CFP Thursday

Time for CFP Thursday! Check back next week for a new batch of calls.

 

Emerging Learning Design Annual Conference call for proposals

This is a call for conference session proposals! (Deadline: December 1)

The Emerging Learning Design annual conference (ELDc) is designed to engage individuals in dynamic discourse regarding pedagogy and how technology can better enhance or transform it. This year’s conference theme is: From Learner Centered to Learner Experience (LX)

Education has changed more in the last 25 years than the 250 before that.
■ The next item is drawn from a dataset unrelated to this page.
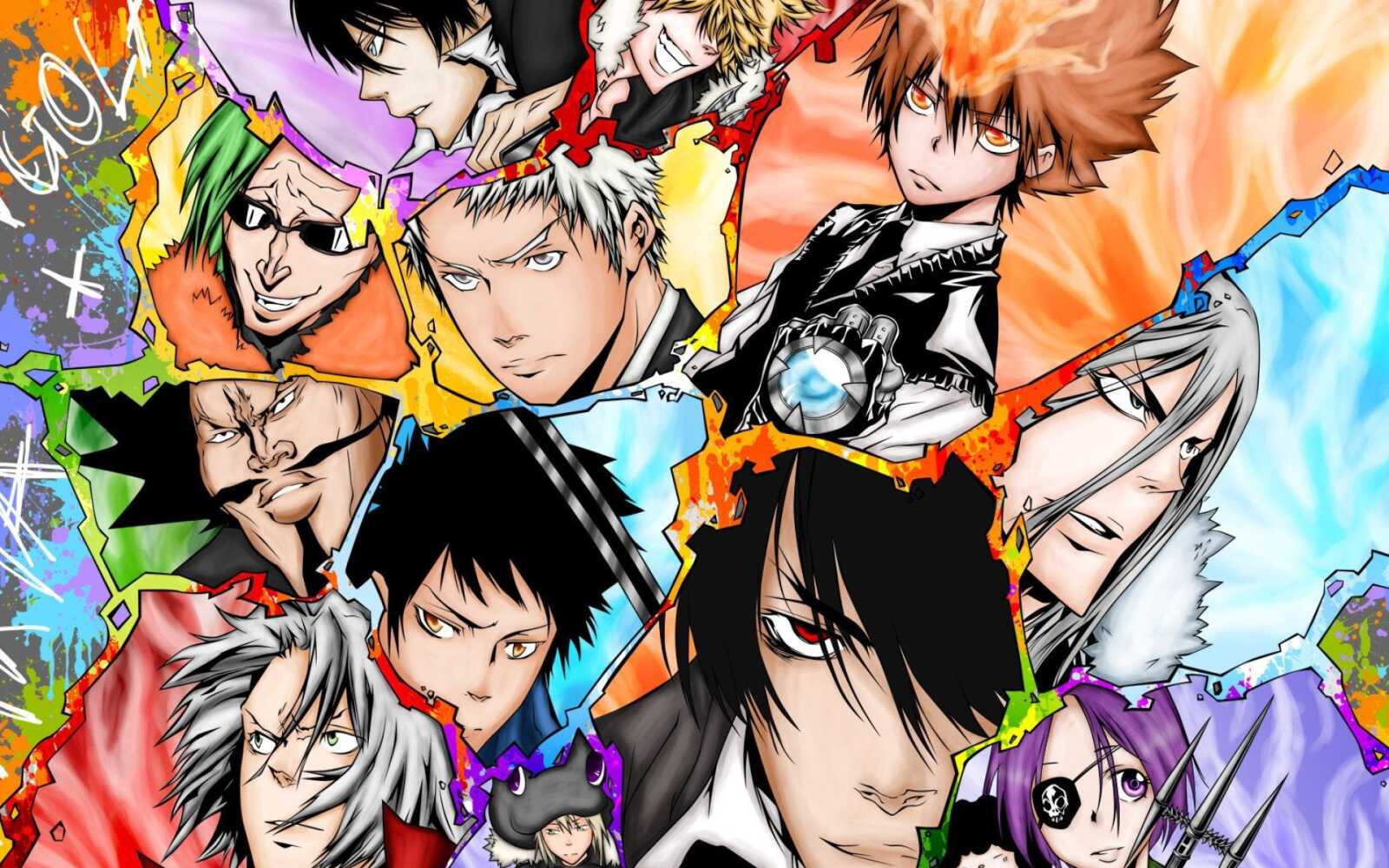 Desktop Hd Katekyo Hitman Reborn - Katekyo...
Whereas once the norm was teacher-focused, sage-on-the-stage, a shift is still going on that places the learner at the core of the learning experience.  Driven by the wide adoption of design thinking and user experience processes, LX pushes to make sure the learner voice is integrated more purposefully by sharing the experience development and iteration process with those for whom it is designed.

From an emphasis on scaffolding and creating software with Learner Centered Design to the wide adoption of design thinking and user experience processes with Learning Experience (LX) Design the goal continues to be to create effective and meaningful experiences for the learner.  ELDc18 seeks to bring together diverse voices and innovative approaches to designing with the learner in mind.
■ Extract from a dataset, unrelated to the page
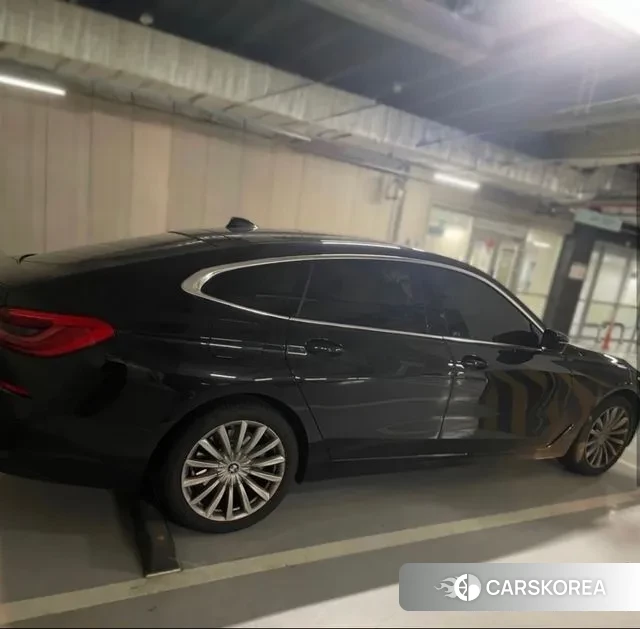 BMW 6 Series GT (G32) 2023 Черный из Кореи, фото 2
The following topics are examples, but are in no way exhaustive or limited:

  • How might learners be involved in the design and evaluation of learning experiences?
  • What are examples of personalized learning and what can we learn from these experiments?
  • How can we use learning analytics to better understand aspects of learning experiences?
  • What are some organizational approaches to incorporating user experience research and iteration into the design process?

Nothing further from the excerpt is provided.